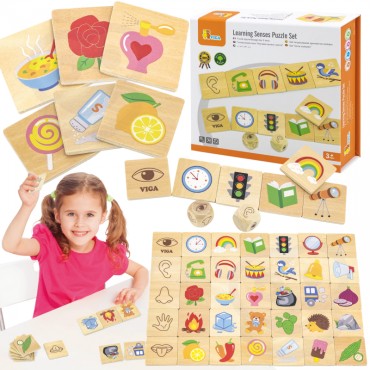 VIGA Mokomasis žaidimas Mokomasis galvosūkis Rūšiuoti pojūčius 37 vnt. Montessori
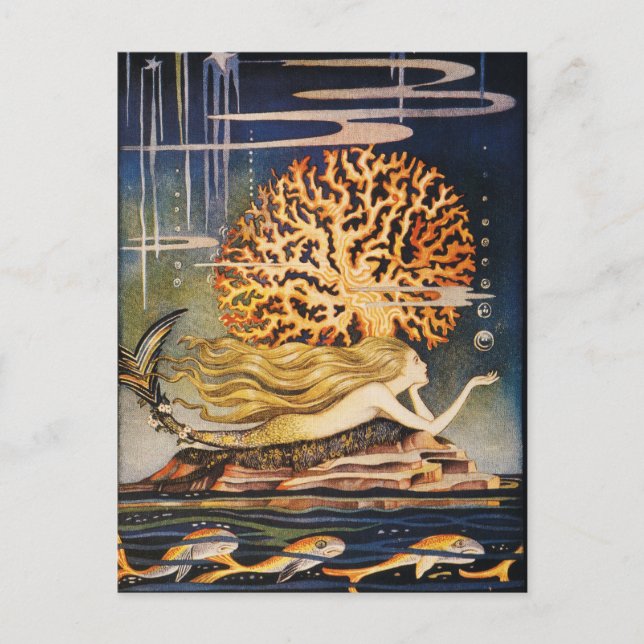 Carte Postale Andersen : Dessin de petite sirène (Devant)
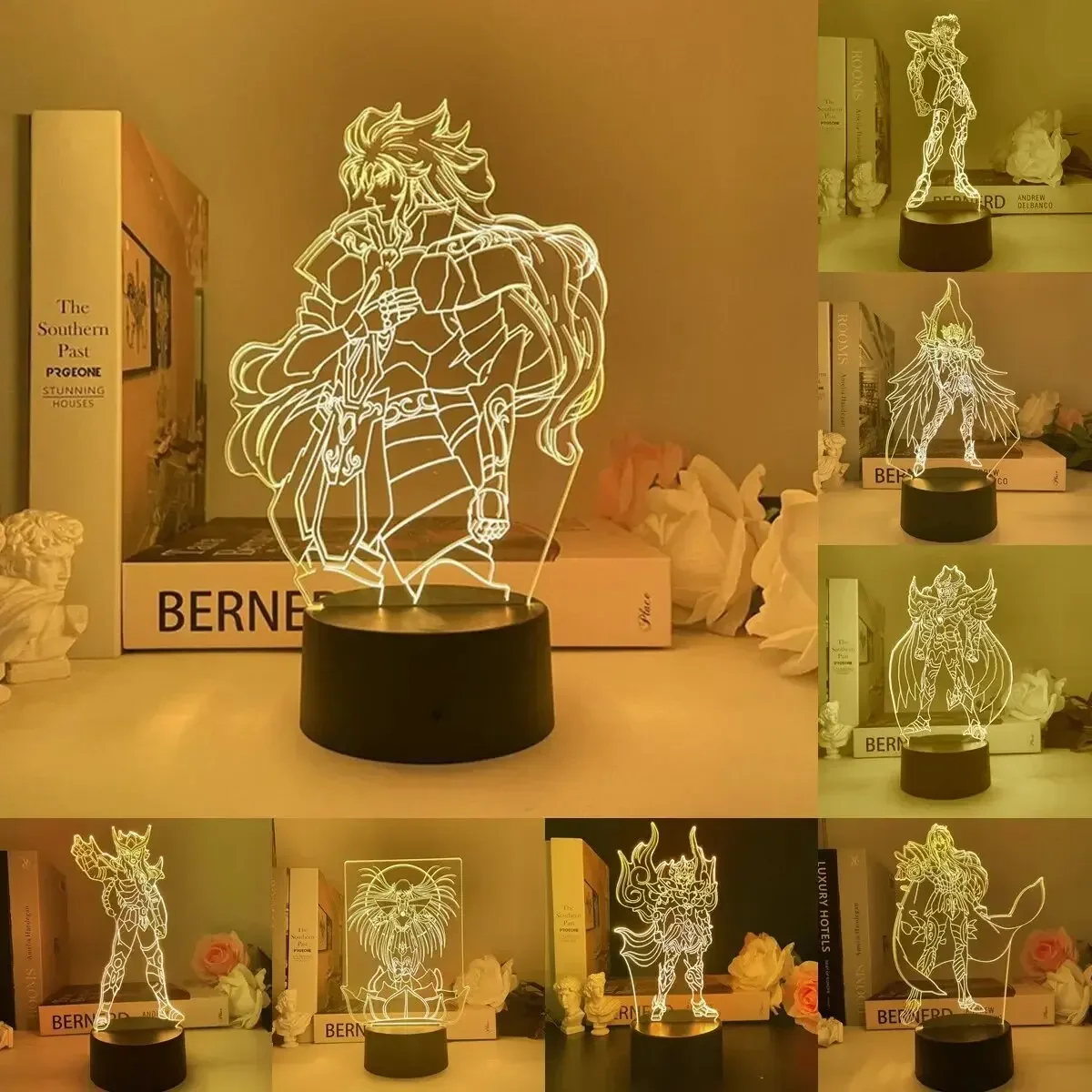 

3d-лампа аниме Saint Seiya, японская мультяшная искусственная ночь, детская игрушка для мальчика, спальни, декоративная экшн-фигурка манга, подарок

#### [Assignment]
Print every line of the material exactly as written, but drop the pictures.

#### [Result of the task]
 VIGA Mokomasis žaidimas Mokomasis galvosūkis Rūšiuoti pojūčius 37 vnt. Montessori
 Carte Postale Andersen : Dessin de petite sirène (Devant)

3d-лампа аниме Saint Seiya, японская мультяшная искусственная ночь, детская игрушка для мальчика, спальни, декоративная экшн-фигурка манга, подарок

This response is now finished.